If you are thinking about "byte values" you are working at the encoding
scheme level (in fact another lower level which defines a protocol
presentation layer, e.g. "transport syntaxes" in MIME). Unicode codepoints
are conceptually not an encoding scheme, just a coded character set
(independant of the encoding scheme).
Separate the levels of abstraction and you'll be much more fine. Forget the
apparent homonymies that exist between distinct layers of abstraction and
use each standard in what it is designed for (including the Unicode
"character/glyph model" which is not defining an encoding scheme).
So don't say that there are one-for-one equivalences. This is wrong : the
adaptation layer must exist between abstraction levels and between separate
standards, but the Unicode standard does not specify them completely (with
the only exception of standard UTF encodings schemes, which is just one
possible adaptation across some abstraction levels, but is not made to
adapt alone to other standards than what is in the Unicode standard itself).
2012/11/17 Buck Golemon <buck_at_yelp.com>
> On Fri, Nov 16, 2012 at 4:11 PM, Doug Ewell <doug_at_ewellic.org> wrote:
>
>> Buck Golemon wrote:
>>
>> Is it incorrect to say that 0x81 is a non-semantic byte in cp1252, and
>>> to map it to the equally-non-semantic U+81 ?
>>>
>>> This would allow systems that follow the html5 standard and use cp1252
>>> in place of latin1 to continue to be binary-faithful and reversible.
>>>
>>
>> This isn't quite as black-and-white as the question about Latin-1. If you
>> are targeting HTML5, you are probably safe in treating an incoming 0x81
>> (for example) as either U+0081 or U+FFFD, or throwing some kind of error.
>
>
> Why do you make this conditional on targeting html5?
>
> To me, replacement and error is out because it means the system loses data
> or completely fails where it used to succeed.

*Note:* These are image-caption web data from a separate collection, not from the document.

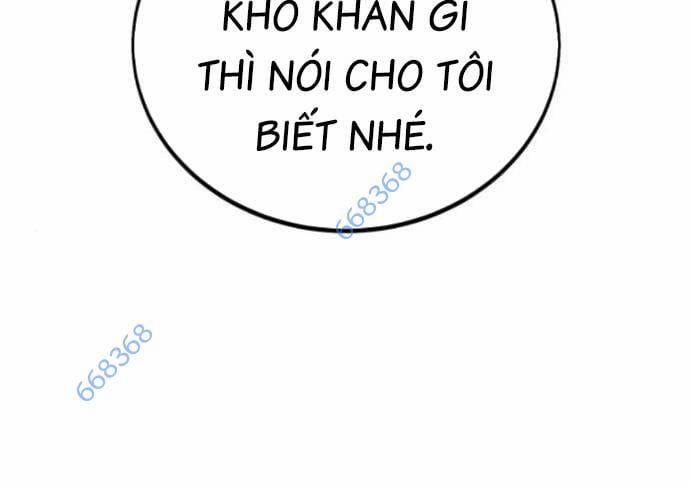 Hướng Dẫn Sinh Tồn Trong Học Viện 41 trang 196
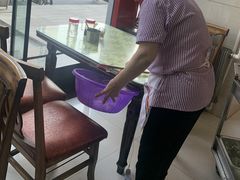 -西塔大冷面(三好街店)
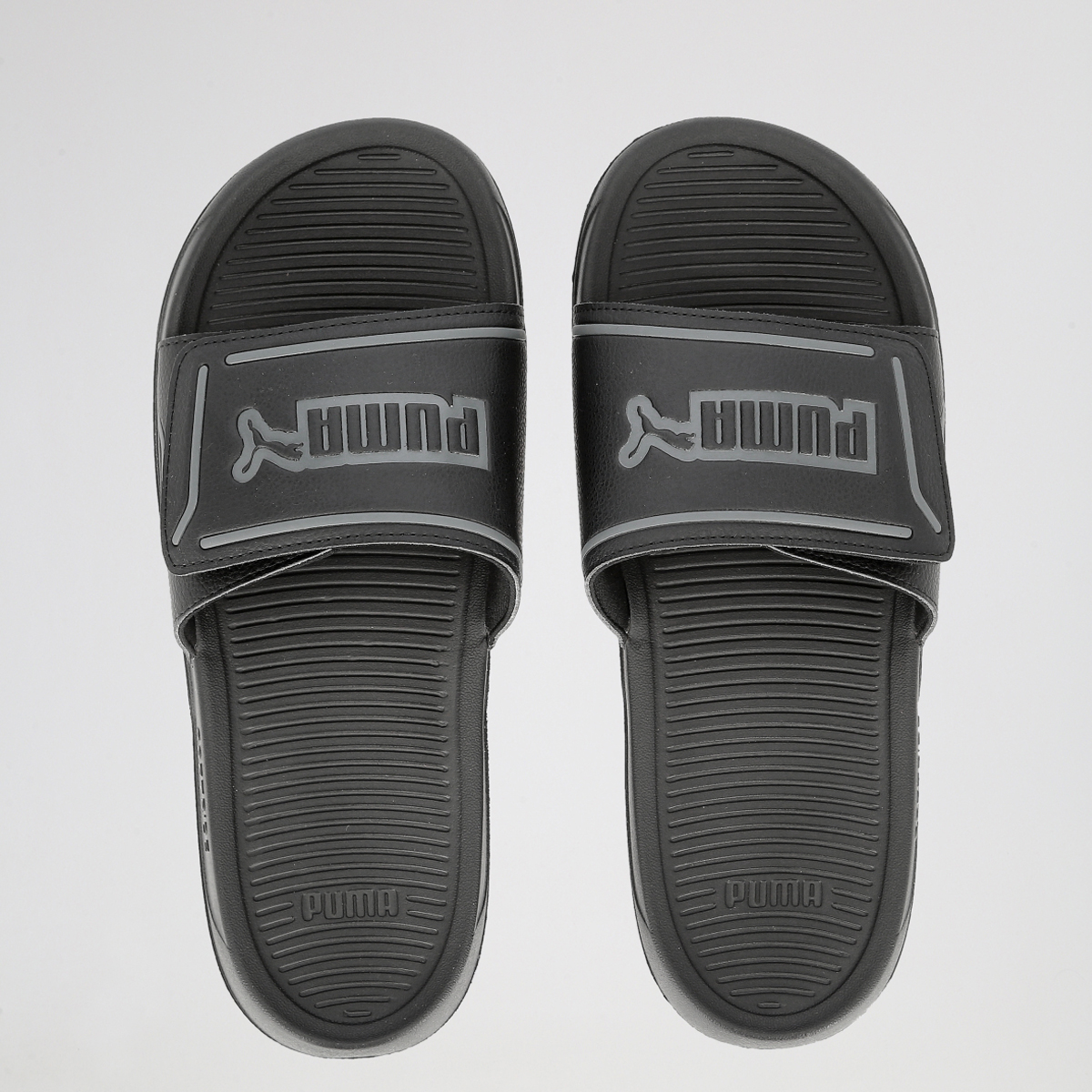 Ojotas Puma Royalcat Comfort 2,  image number null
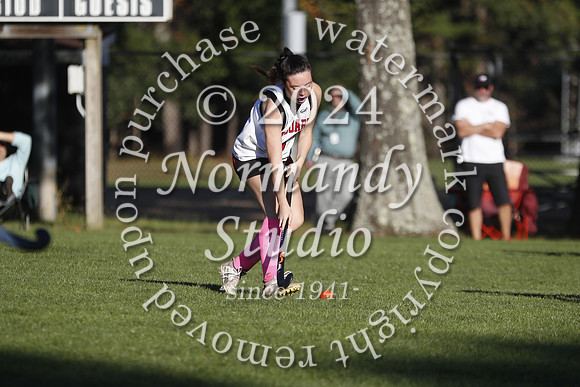 JAC_fh_33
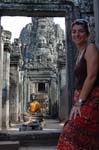 2 Angkor Tomb 1295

> Currently there's no reasonable way for me to implement the U+0081 option
> other than inventing a new "cp1252+latin1" codec, which seems undesirable.
>
>
>> HTML5 insists that you treat 8859-1 as if it were CP1252, so it no longer
>> matters what the byte is in 8859-1.
>
>
> I feel like you skipped a step. The byte is 0x81 full stop. I agree that
> it doesn't matter how it's defined in latin1 (also it's not defined in
> latin1).
> The section of the unicode standard that says control codes are equal to
> their unicode characters doesn't mention latin1. Should it?
> I was under the impression that it meant any single-byte encoding, since
> it goes out of its way to talk about "8-bit" control codes.